# Problem statement
Copy the entries exactly. Leave out any pictures.

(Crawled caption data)

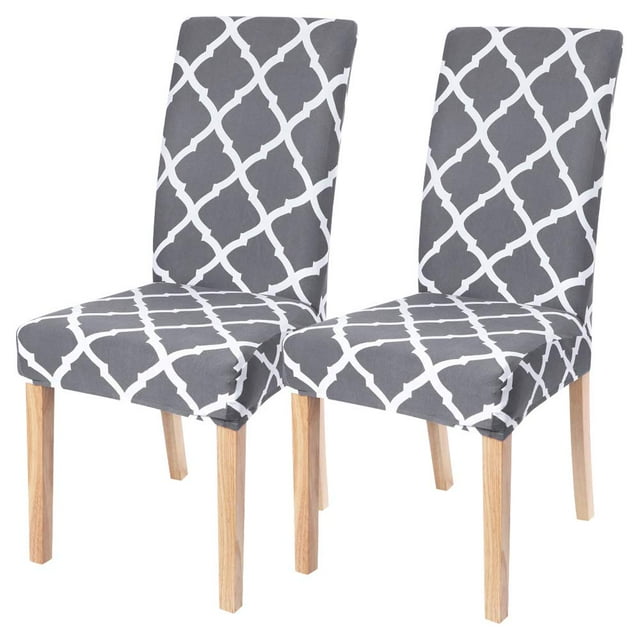 Fundas elásticas para sillas de comedor SearchI gris blanco juego de 2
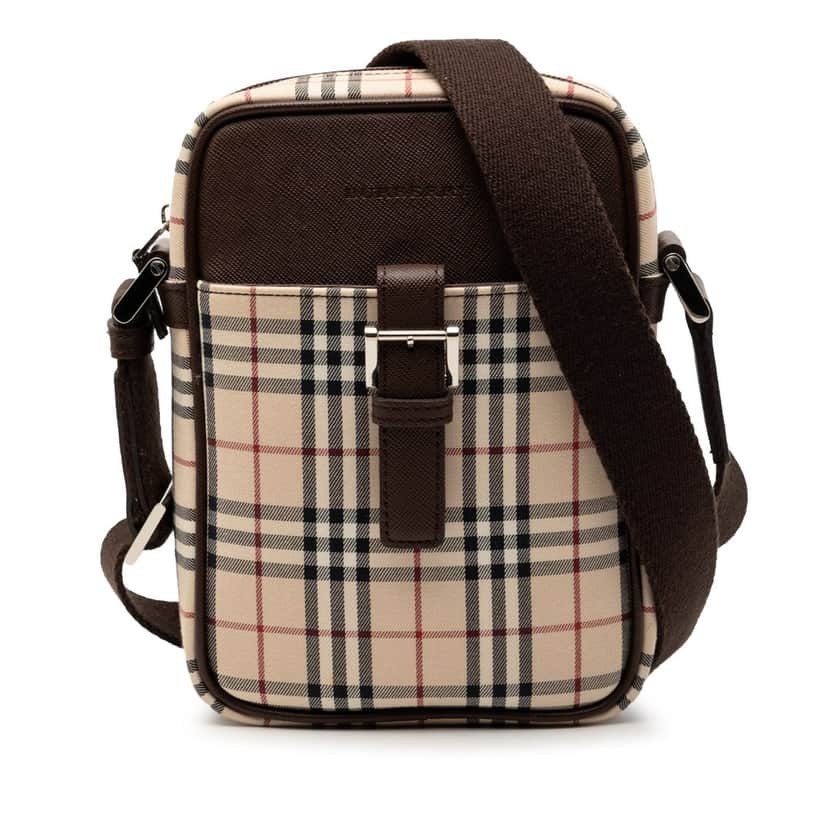Burberry House Check Canvas Crossbody Beige Very good condition - Front View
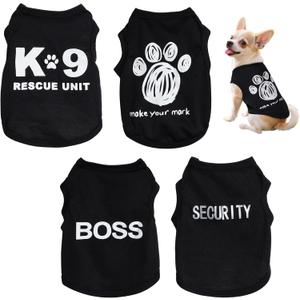 4Pcs Dog Clothes for Small Dogs, Puppy Shirts Teacup Chihuahua Yorkie Clothes, Soft Letter Security Pet Cat Summer Spring Shirts (XS)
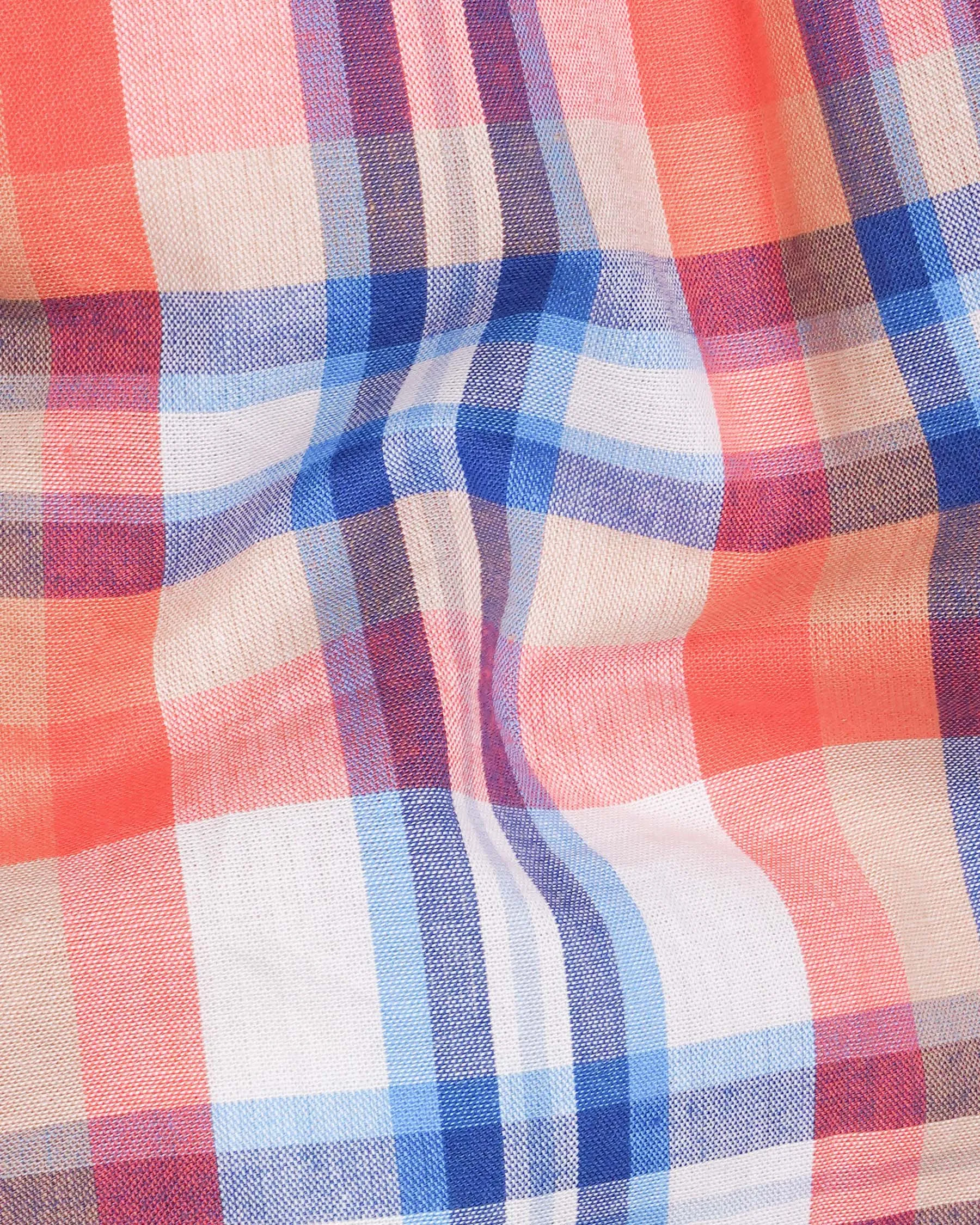 Salmon Orange And White Plaid Premium Cotton Shirt sold by French Crown product image thumbnail 2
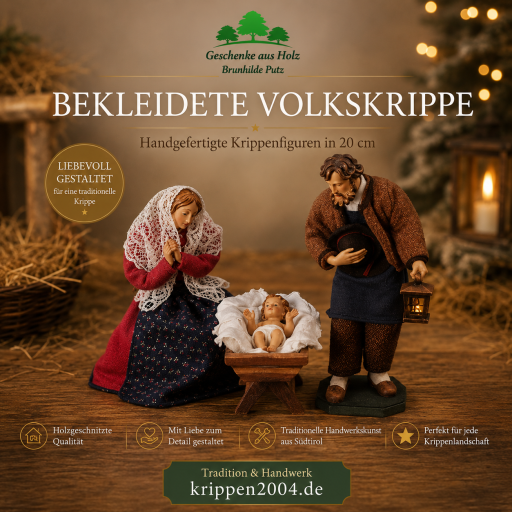 Bekleidete Volkskrippe 20 cm von Lepi mit Stofffiguren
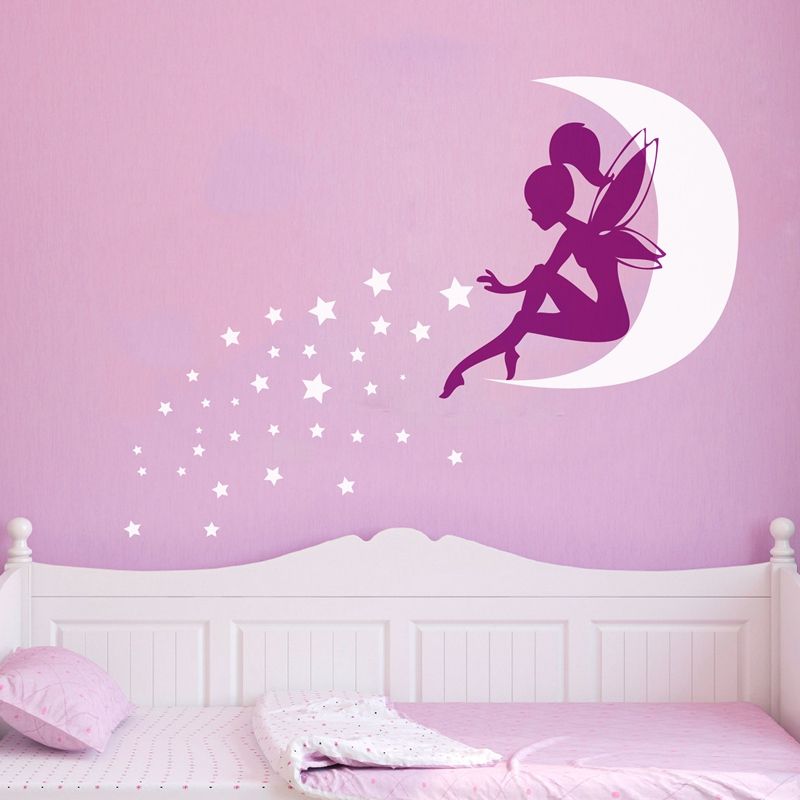 Home Decoration Posters Stickers Large Size Vinyl Fairy Girl Pixie Dust Moon Stars Vinyl Wall Decals Girls Room Wall Decals Room Wall Stickers From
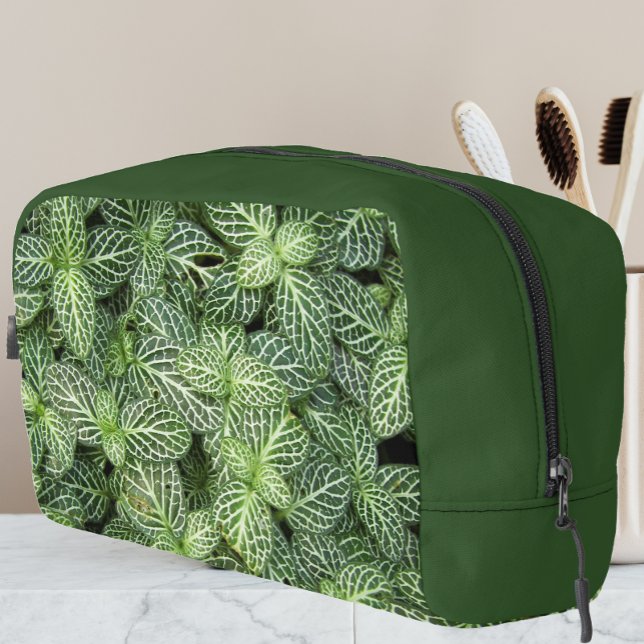 Nerve Pflanze Verlasse Blumenmuster auf Grün Waschbeutel (In Situ)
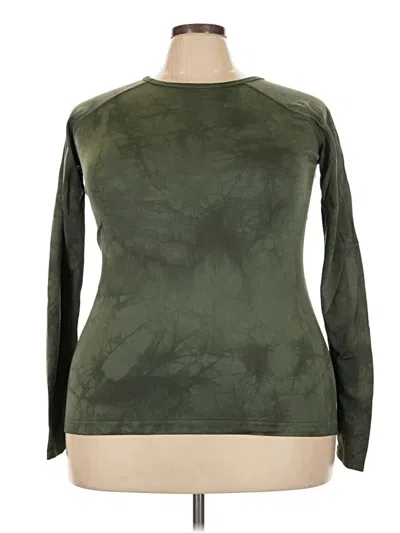 Pre-owned Zella Long Sleeve Top Green Mock Neckline Tops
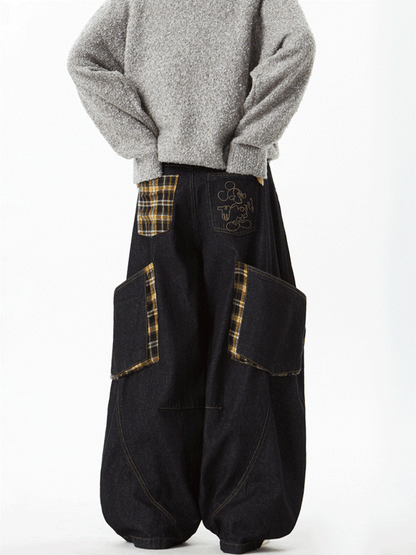 "Big Pocket" Checkered Panel Pants TK0307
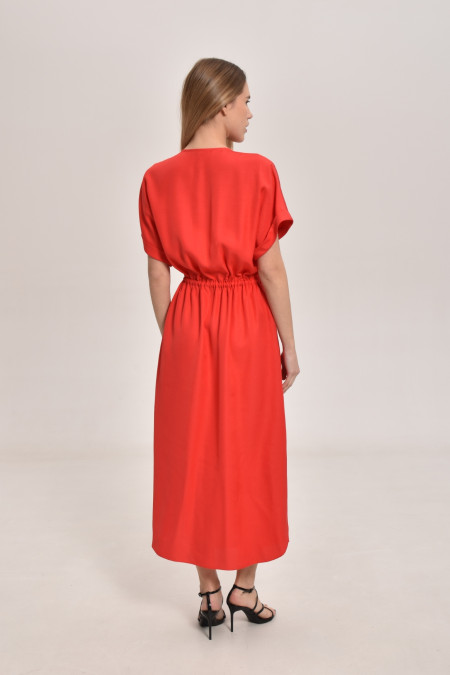 Сукня з віскози на зав'язці коралова Сукня з віскози на зав'язці коралова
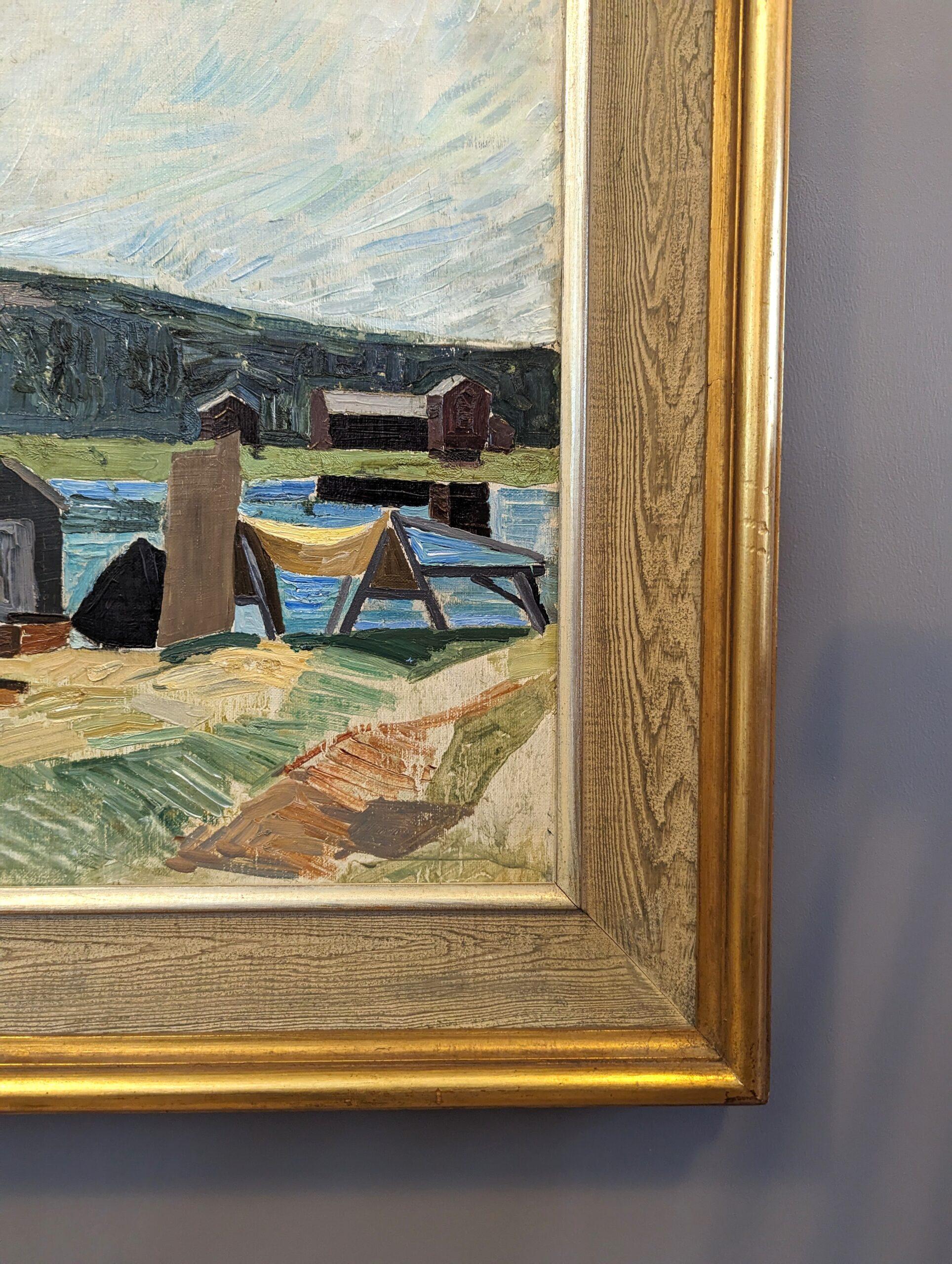 Vintage Mid-Century Swedish Expressive Landscape Oil Painting - Observe For Sale 5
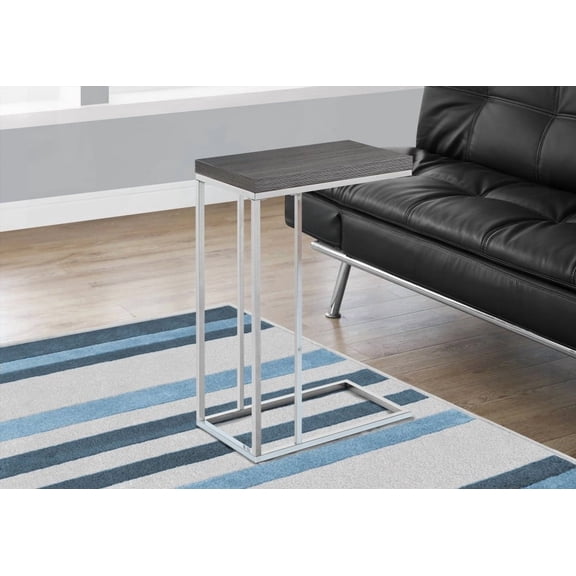 Modern C-shaped End Table with Grey Laminate and Chrome Metal for Living Room and Bedroom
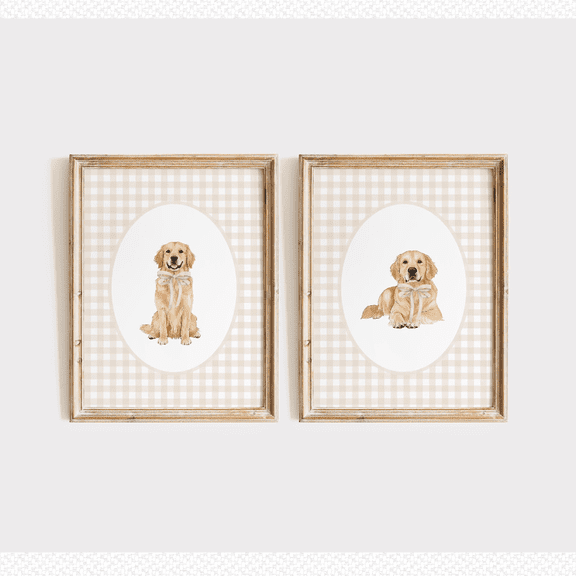 Golden Retriever Nursery Watercolor Dog Beige Baby Room Poster Set, Poster Only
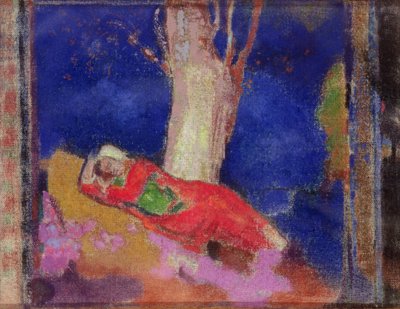 Mulher Dormindo debaixo de uma árvore de Odilon Redon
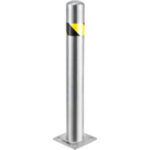 Global Industrial™ Surface Mount Stainless Steel Bollard W/Hazard Tape 4.5''D x 36''H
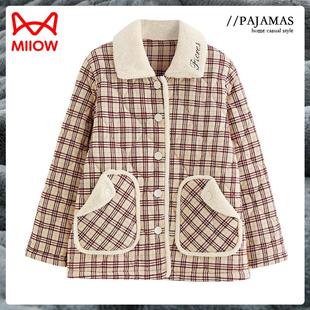 猫人单件上衣睡衣女冬季三层加厚加绒纯棉夹棉秋冬款珊瑚绒家居服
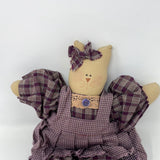 Plush Cat with Purple Plaid Dress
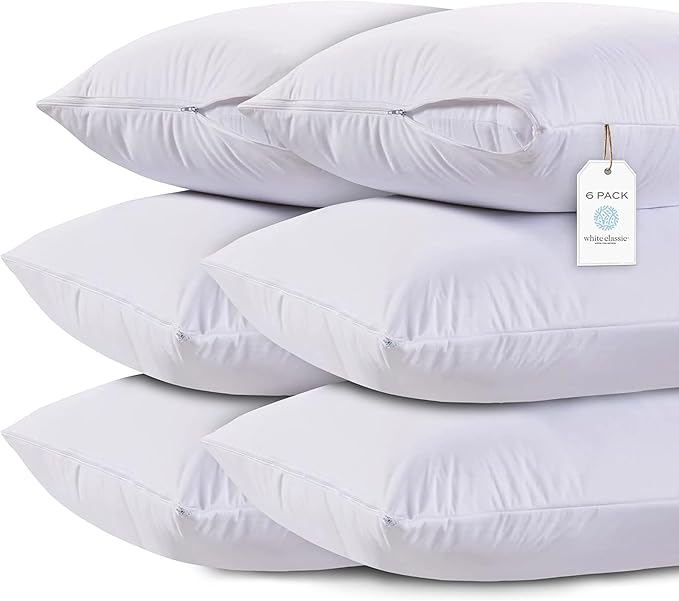 White Classic Zippered Style Pillow Case Cover - Luxury Collection 200 Thread Count, Soft Quiet Zippered Pillow Protectors, Standard Size, 6 Pack Pillow Shams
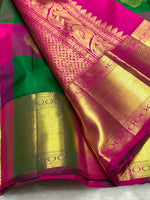 Load image into Gallery viewer, Classic Deep Pink &amp; Green 2gm Zari Kanchipuram Handloom Silk Saree SS25815
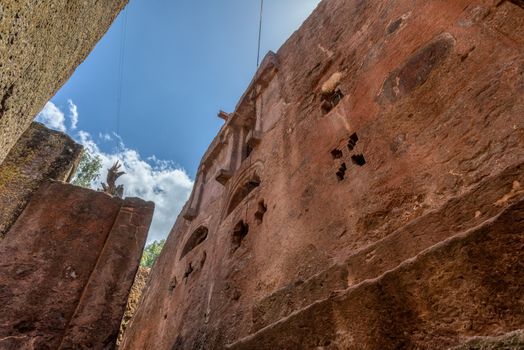 Church with the symbolic Tomb of Adam in the north western complex of rock hewn churches in Lalibela. Ethiopia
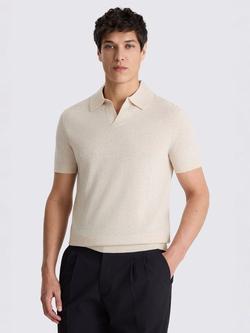 Moss Short Sleeve Striped Fine Knit Polo Shirt, Oatmeal
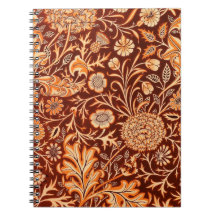Floral in Fiery Red and Orange Journal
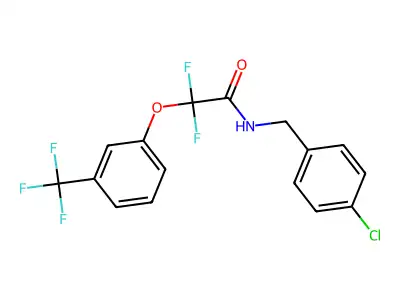 N-[(4-chlorophenyl)methyl]-2,2-difluoro-2-[3-(trifluoromethyl)phenoxy]acetamide structure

# Answer below
 Fundas elásticas para sillas de comedor SearchI gris blanco juego de 2
Burberry House Check Canvas Crossbody Beige Very good condition - Front View
 4Pcs Dog Clothes for Small Dogs, Puppy Shirts Teacup Chihuahua Yorkie Clothes, Soft Letter Security Pet Cat Summer Spring Shirts (XS)
 Salmon Orange And White Plaid Premium Cotton Shirt sold by French Crown product image thumbnail 2
 Bekleidete Volkskrippe 20 cm von Lepi mit Stofffiguren
 Home Decoration Posters Stickers Large Size Vinyl Fairy Girl Pixie Dust Moon Stars Vinyl Wall Decals Girls Room Wall Decals Room Wall Stickers From
 Nerve Pflanze Verlasse Blumenmuster auf Grün Waschbeutel (In Situ)
 Pre-owned Zella Long Sleeve Top Green Mock Neckline Tops
 "Big Pocket" Checkered Panel Pants TK0307
 Сукня з віскози на зав'язці коралова Сукня з віскози на зав'язці коралова
 Vintage Mid-Century Swedish Expressive Landscape Oil Painting - Observe For Sale 5
 Modern C-shaped End Table with Grey Laminate and Chrome Metal for Living Room and Bedroom
 Golden Retriever Nursery Watercolor Dog Beige Baby Room Poster Set, Poster Only
 Mulher Dormindo debaixo de uma árvore de Odilon Redon
 Global Industrial™ Surface Mount Stainless Steel Bollard W/Hazard Tape 4.5''D x 36''H
 猫人单件上衣睡衣女冬季三层加厚加绒纯棉夹棉秋冬款珊瑚绒家居服
 Plush Cat with Purple Plaid Dress
 White Classic Zippered Style Pillow Case Cover - Luxury Collection 200 Thread Count, Soft Quiet Zippered Pillow Protectors, Standard Size, 6 Pack Pillow Shams
 Load image into Gallery viewer, Classic Deep Pink &amp; Green 2gm Zari Kanchipuram Handloom Silk Saree SS25815
 Church with the symbolic Tomb of Adam in the north western complex of rock hewn churches in Lalibela. Ethiopia
 Moss Short Sleeve Striped Fine Knit Polo Shirt, Oatmeal
Floral in Fiery Red and Orange Journal
 N-[(4-chlorophenyl)methyl]-2,2-difluoro-2-[3-(trifluoromethyl)phenoxy]acetamide structure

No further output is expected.